(Bloomberg) -- HP Inc. was awarded $439 million in damages against Quanta Storage Inc. and its U.S. subsidiary after a federal judge tripled a jury’s 2019 award for damages caused by a widespread scheme to inflate the price of optical disk drives.
In October, a Houston jury ordered Quanta to pay HP $176 million in damages. U.S. District Judge David Hittner said Friday that Quanta hadn’t shown any reason why the jury’s findings should be set aside. He tripled the damages award, as authorized under antitrust law, to $528 million before deducting the $89 million in settlements paid by the other companies HP accused of participating in the price-fixing scheme.
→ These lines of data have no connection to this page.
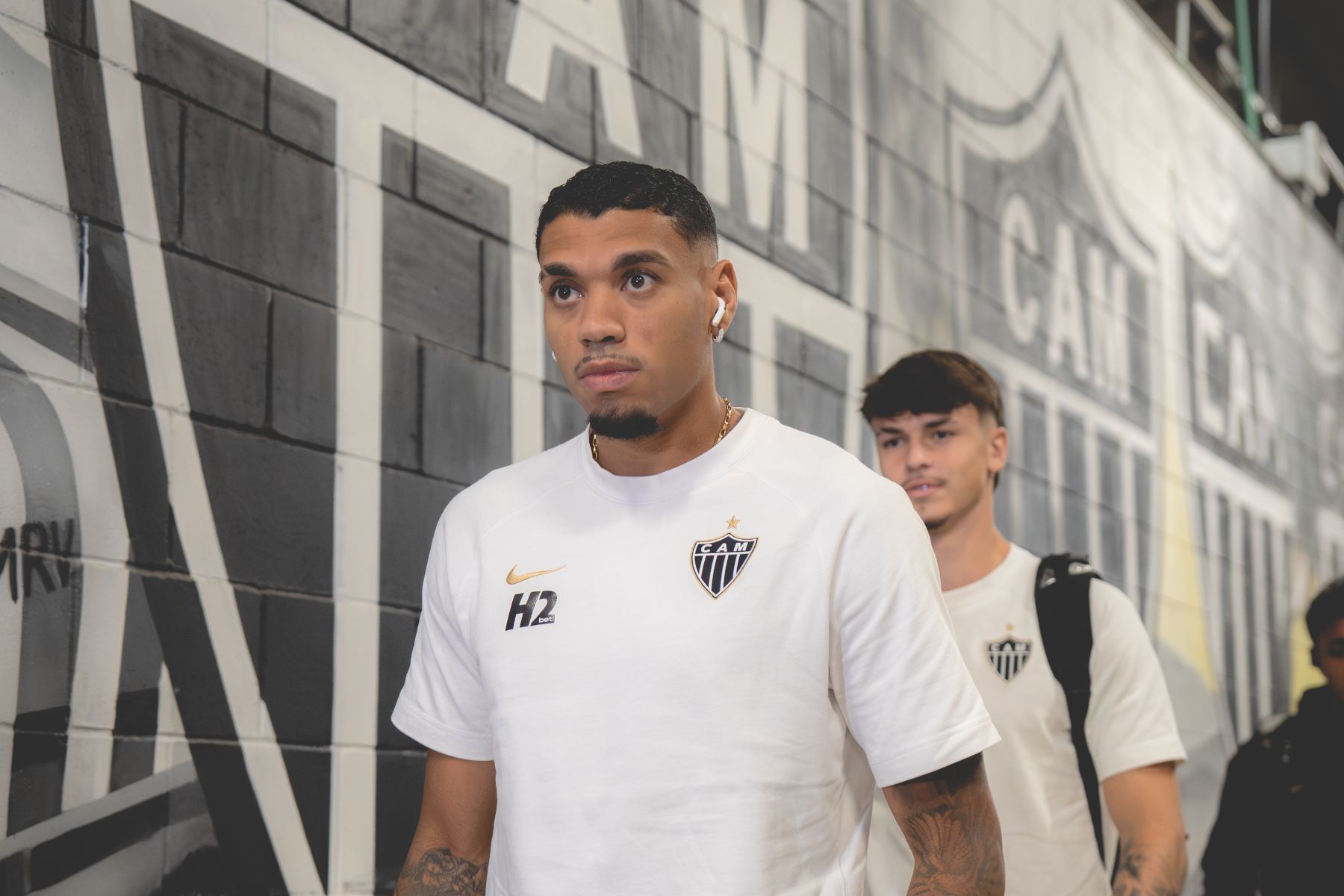 Atlético x Cruzeiro: Domínguez revela conversa com Ruan Tressoldi antes de clássico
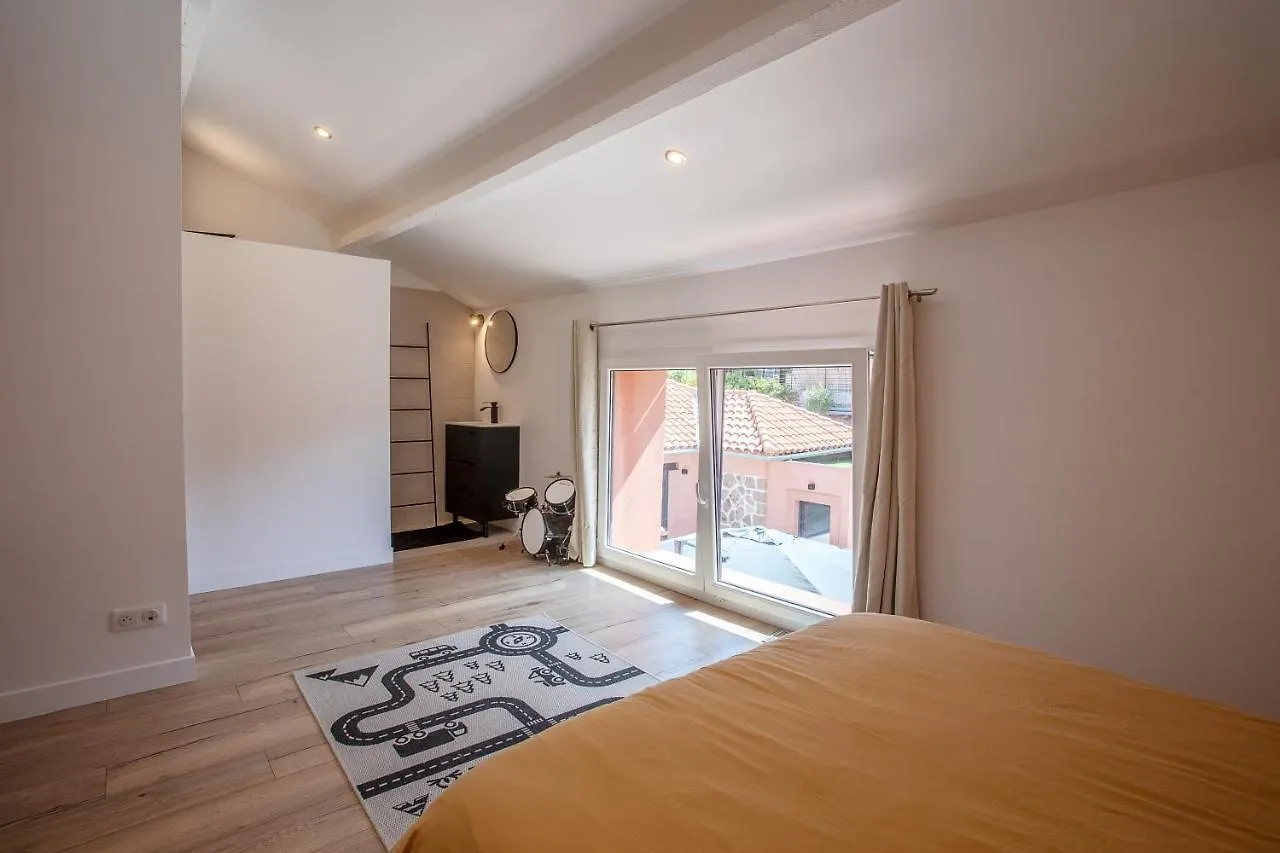 Villa De 300M² Proche De La Plage Saint-Raphael  0*, Saint-Raphael (Var) France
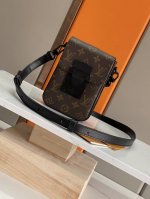 Developed from the ground up, this all-steel S-Lock Vertical Wearable Wallet is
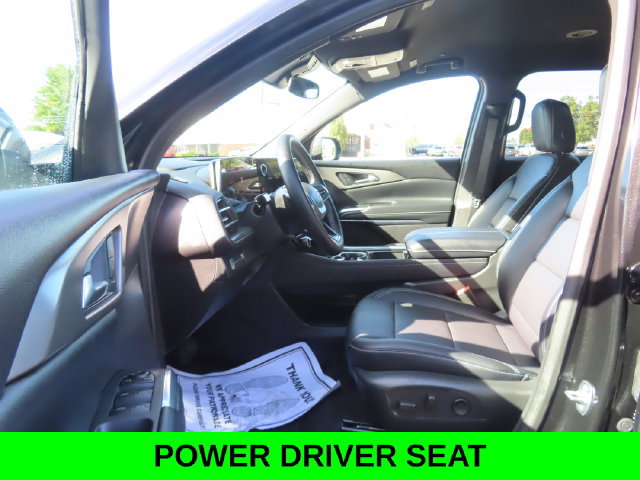 Used 2026 Chevrolet Traverse LT AWD/4WD image 18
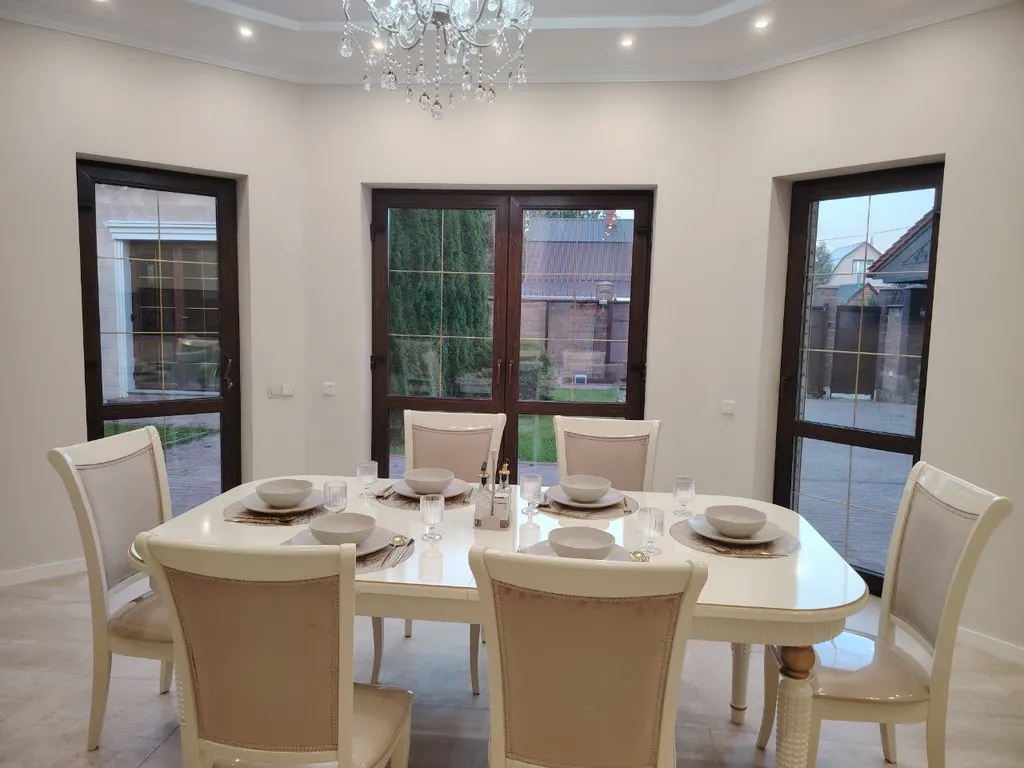 Коттедж Загородный дом у озера в Подмосковье — аренда посуточно в Истра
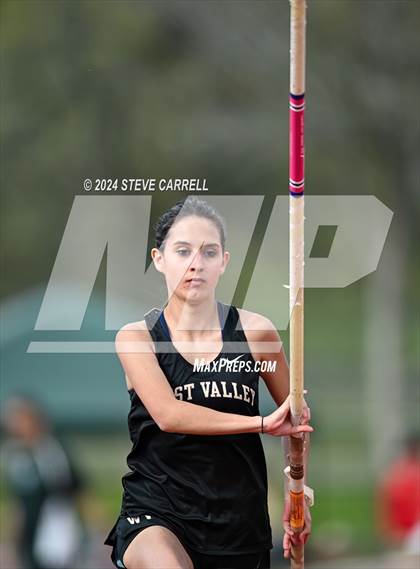 Thumbnail 1 in Eagle Relays (Pole Vault) photogallery.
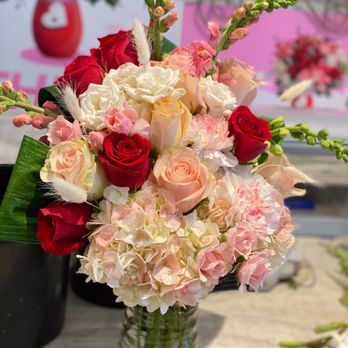 In Bloom Floral Design - Beautiful arrangement that was delivered same day - Florists Near Me - Guttenberg, New Jersey In Bloom Floral Design - Beautiful arrangement that was delivered same day - Florists Near Me - Guttenberg, New Jersey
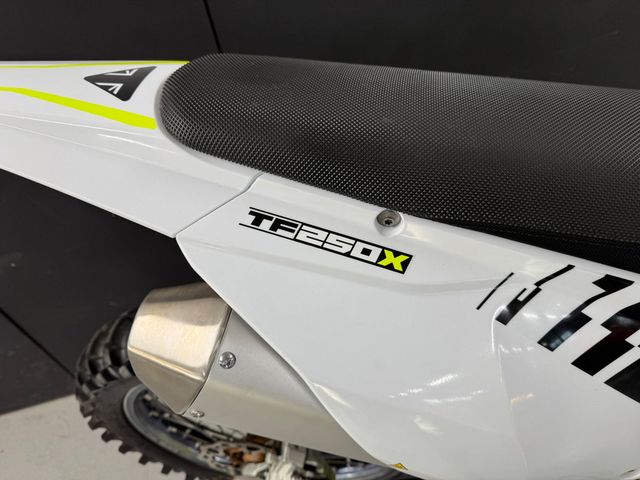 triumph - tf-250-x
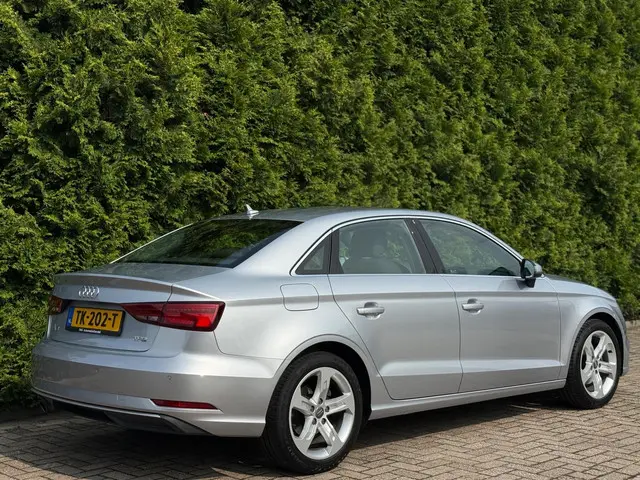 Audi A3 Limousine 30 TFSI Sport CarPlay 2018 Benzine 7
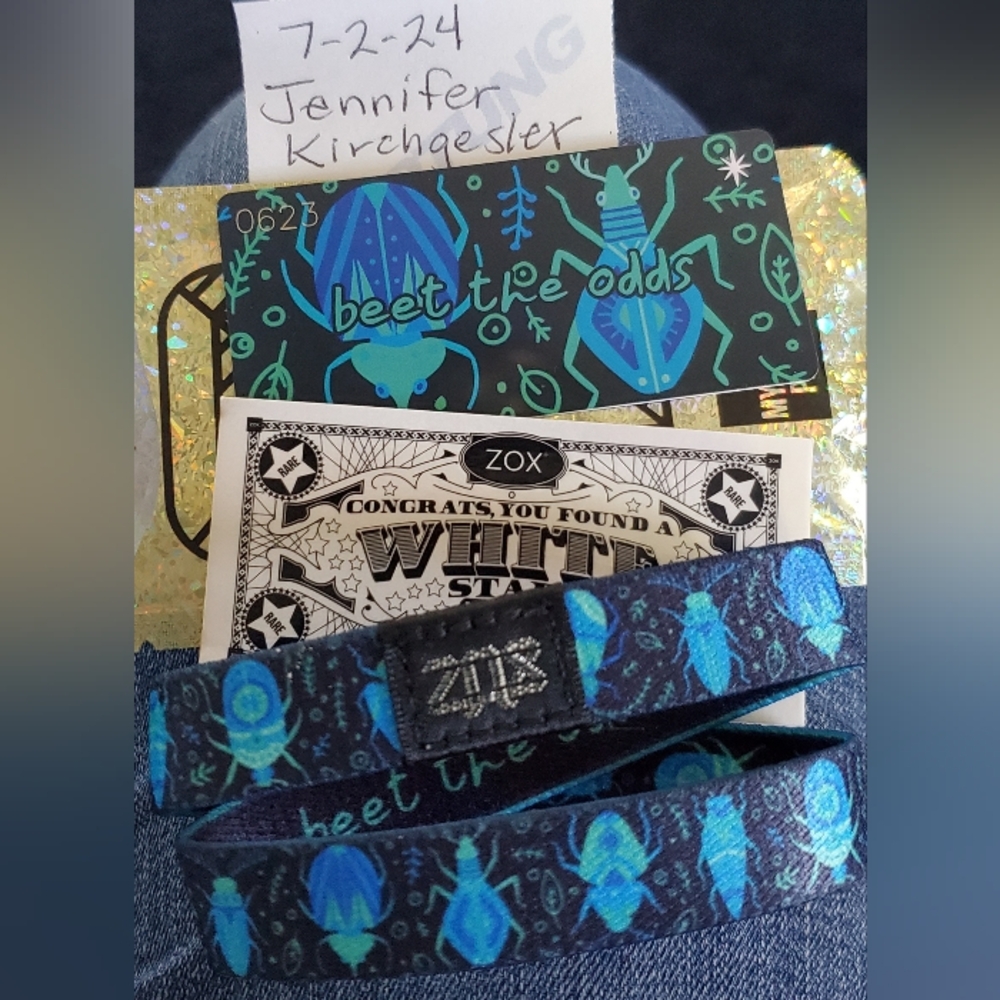Zox Bracelet .Beet the Odds. White star. #0623. Collectable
Other disk-drive makers like Hitachi-LG, Sony and Panasonic settled with HP over the past decade. Only Taiwan-based Quanta chose to go to trial.
Andrew Lusby, an attorney for Quanta, said Friday the company was not commenting at this time on the tripled damages.
The company had argued to Hittner that tripling damages would violate constitutional prohibitions on excessive punitive damages. But the judge rejected that argument, pointing out that antitrust law allows for tripling awards as compensatory rather than punitive damages.
“HP hopes this judgment sends a powerful message to suppliers all over the world that there are significant consequences when you violate US antitrust laws,” Alex B. Roberts, HP’s lawyer, said in an email after Hittner ruled.
The case is Hewlett-Packard Co. v Quanta Storage, 4:18-762, U.S. District Court, Southern District of Texas (Houston).